債権回収 Services

債権回収の必要性

 相手が予定の期日を過ぎても入金してくれない場合,それを放置し続けることは大きなリスクを伴います。

 まず,相手が代金を支払えないのが資金ショートであれば,倒産のリスクがあります。仮に破産開始申立等がなされれば,回収可能性は非常に低くなります。

 また,仮に相手が倒産しない場合でも,回収しないまま放置しておくと,「消滅時効」により請求ができなくなる可能性が出てきます。
 消滅時効は,概略すると代金支払請求権などの権利を一定期間(5年ないし10年)行使しない場合には,その権利行使ができなくなるという制度です(ただし,相手が債権の存在を承認するなどすれば,時効期間は一度リセットされたり,時効の完成が猶予されたりします)。
 なお,以前は,請求する権利の種類によっては,この消滅時効期間が非常に短く定められていましたが,近年の民法改正により,この制度は廃止されています。

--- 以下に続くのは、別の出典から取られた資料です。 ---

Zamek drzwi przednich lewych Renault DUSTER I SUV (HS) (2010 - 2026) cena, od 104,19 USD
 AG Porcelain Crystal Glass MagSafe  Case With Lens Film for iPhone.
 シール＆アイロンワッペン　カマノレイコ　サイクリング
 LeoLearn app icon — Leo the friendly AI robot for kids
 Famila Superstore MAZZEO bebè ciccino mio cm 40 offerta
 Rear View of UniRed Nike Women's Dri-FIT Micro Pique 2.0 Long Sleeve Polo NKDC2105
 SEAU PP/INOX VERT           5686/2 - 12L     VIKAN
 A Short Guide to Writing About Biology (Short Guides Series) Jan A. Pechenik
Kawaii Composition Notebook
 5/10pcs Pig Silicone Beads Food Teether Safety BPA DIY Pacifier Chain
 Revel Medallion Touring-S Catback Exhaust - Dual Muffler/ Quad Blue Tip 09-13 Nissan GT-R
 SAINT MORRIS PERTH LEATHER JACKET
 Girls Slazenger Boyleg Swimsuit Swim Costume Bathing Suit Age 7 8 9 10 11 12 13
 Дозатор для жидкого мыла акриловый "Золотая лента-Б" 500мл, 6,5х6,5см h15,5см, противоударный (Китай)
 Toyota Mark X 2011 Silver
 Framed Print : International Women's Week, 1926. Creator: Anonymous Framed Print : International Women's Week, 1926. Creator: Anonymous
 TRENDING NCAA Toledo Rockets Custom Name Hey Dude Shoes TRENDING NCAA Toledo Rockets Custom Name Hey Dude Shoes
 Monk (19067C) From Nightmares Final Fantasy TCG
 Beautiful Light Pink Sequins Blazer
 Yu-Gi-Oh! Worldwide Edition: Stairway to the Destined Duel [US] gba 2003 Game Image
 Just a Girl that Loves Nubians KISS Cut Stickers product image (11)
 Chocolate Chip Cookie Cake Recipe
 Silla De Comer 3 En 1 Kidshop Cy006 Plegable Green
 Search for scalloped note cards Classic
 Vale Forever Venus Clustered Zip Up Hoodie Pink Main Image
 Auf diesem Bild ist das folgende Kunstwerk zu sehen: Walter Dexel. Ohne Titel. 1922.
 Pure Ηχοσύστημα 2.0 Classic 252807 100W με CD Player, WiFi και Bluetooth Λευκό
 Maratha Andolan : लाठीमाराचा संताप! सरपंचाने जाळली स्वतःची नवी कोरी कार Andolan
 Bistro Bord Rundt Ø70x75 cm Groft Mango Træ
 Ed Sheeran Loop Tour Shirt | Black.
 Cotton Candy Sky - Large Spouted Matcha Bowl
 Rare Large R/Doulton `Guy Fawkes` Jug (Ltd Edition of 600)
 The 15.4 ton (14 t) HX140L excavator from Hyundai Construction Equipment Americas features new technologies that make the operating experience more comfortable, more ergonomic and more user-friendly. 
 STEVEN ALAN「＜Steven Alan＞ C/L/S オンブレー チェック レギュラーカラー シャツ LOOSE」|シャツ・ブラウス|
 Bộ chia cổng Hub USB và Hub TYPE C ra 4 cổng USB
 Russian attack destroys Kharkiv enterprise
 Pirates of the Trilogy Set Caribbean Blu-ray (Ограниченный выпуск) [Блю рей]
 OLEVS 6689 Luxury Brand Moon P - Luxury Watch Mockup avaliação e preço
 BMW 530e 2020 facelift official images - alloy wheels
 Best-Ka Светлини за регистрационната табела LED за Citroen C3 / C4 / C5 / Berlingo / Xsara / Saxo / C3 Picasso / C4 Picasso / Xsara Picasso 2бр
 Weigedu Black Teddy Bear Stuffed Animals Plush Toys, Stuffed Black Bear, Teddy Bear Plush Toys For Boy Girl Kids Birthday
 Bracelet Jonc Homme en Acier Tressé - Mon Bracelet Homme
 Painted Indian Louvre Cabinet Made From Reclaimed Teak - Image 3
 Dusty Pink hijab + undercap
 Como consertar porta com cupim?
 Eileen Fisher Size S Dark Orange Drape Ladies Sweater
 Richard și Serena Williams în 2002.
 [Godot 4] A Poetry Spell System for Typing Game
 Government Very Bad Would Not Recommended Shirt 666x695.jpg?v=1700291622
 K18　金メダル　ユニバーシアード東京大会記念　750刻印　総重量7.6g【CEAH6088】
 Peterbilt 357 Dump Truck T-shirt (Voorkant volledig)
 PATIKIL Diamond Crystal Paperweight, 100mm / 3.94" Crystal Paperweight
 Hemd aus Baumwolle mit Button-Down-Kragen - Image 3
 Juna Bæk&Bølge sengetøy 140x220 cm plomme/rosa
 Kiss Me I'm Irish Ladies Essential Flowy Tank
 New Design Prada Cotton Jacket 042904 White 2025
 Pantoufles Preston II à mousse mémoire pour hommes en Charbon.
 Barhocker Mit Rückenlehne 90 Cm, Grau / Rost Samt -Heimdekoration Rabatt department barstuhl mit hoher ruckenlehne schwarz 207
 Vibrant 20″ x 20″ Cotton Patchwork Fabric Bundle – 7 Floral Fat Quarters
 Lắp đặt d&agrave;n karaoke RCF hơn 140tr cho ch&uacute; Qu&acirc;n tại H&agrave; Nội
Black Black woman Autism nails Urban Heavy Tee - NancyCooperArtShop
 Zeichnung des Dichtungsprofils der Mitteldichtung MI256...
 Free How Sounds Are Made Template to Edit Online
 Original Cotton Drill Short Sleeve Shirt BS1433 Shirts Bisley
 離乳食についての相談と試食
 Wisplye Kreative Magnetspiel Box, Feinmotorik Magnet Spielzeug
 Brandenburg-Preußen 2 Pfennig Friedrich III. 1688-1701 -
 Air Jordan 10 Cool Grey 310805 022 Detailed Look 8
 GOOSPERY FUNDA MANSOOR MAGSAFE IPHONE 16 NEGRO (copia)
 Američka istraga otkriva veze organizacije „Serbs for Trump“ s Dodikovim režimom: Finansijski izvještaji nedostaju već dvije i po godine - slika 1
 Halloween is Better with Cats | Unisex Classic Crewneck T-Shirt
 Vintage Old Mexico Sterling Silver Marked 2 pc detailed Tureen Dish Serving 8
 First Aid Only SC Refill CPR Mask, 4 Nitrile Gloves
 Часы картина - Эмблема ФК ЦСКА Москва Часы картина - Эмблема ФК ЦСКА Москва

 このように,債権を未回収で放置することはそれ自体がリスクを伴う行為です。そのために,早期に債権を回収する必要性があるのです。

 

債権回収のプロセス

 当事務所で考える債権回収のプロセスは,以下の5段階です。

  ①催促 → ②交渉 → ③合意 → ④法的手続 → ⑤回収

 以下,各段階について簡単に解説します。
 なお,実際に回収できるかどうかは様々な要素(事実関係,証拠の状況,相手の資力などによる)に応じてケースバイケースですので,詳しくはご相談ください。

 

 ①催促

 通知を送付するなどして,相手に任意の支払いを促す段階です。

 

 ②交渉

 相手と直接面談し,支払遅延の理由,相手の資力状況などを聞き出したり,若干の譲歩の下に現実的な回収可能性を模索する段階です。 単なる「取り立て」に留まらず,「パイを広げる」交渉によってwin-winの結果に結びつけるのが理想です。

 

 ③合意

 交渉がまとまったら,その内容をまとめた合意書を作成します。 これは,万一の相手方不履行(=法的手続に進みます)に備える意味と,こちら側の譲歩の範囲を明確にする意味があります 。

 

 ④法的手続

 交渉がまとまらない場合,あるいは合意に反して相手が支払いを行わない場合には,民事訴訟などの法的手続を利用して,強制的に相手に支払いを求めていくことになります。
 また,相手の従前の対応の中に,業法違反・下請法違反(例:下請けに対する不当減額要求など)などがあれば,行政の手続を申立て,その中で話し合いをするという方法もあります。
 なお,民事訴訟で勝訴しても,相手がなお支払いをしなければ,強制執行の手続により相手の財産(預金・売掛金や動産・不動産など)を差し押さえて取り立てたり,競売等によって回収を目指していくことになります。

 

弁護士へのご依頼のメリット

 以上のような債権回収の各段階において,弁護士に依頼するメリットは以下のようなものです。

 

 ①催促段階

 催促段階においては,弁護士が代理人として弁護士名で催促の通知(内容証明郵便等の送付など)を行うことにより相手が任意で支払ってくれる可能性が高まります。とりあえず,この通知だけに限定して弁護士に依頼する,というのもコストを考えれば一つの方法です。

 

 ②交渉段階

 交渉段階においては,弁護士が代理人として交渉を行うことにより,当事者自身による交渉に比べ,法的手続の見通しを踏まえた柔軟な解決が可能となります。

 

 ③合意段階

 合意段階では,弁護士が法的リスクを分析した上で合意書を作成しますので,譲歩範囲の明確化,履行確保のための条項の設定など,リスクが低く回収可能性の高い合意書獲得につながります。

 

 ④法的手続段階

 法的手続段階では,弁護士が代理人として訴訟・強制執行などの手続を遂行します。自分で訴訟等の対応をしていく場合に比べて,ビジネスに注力することが可能になります。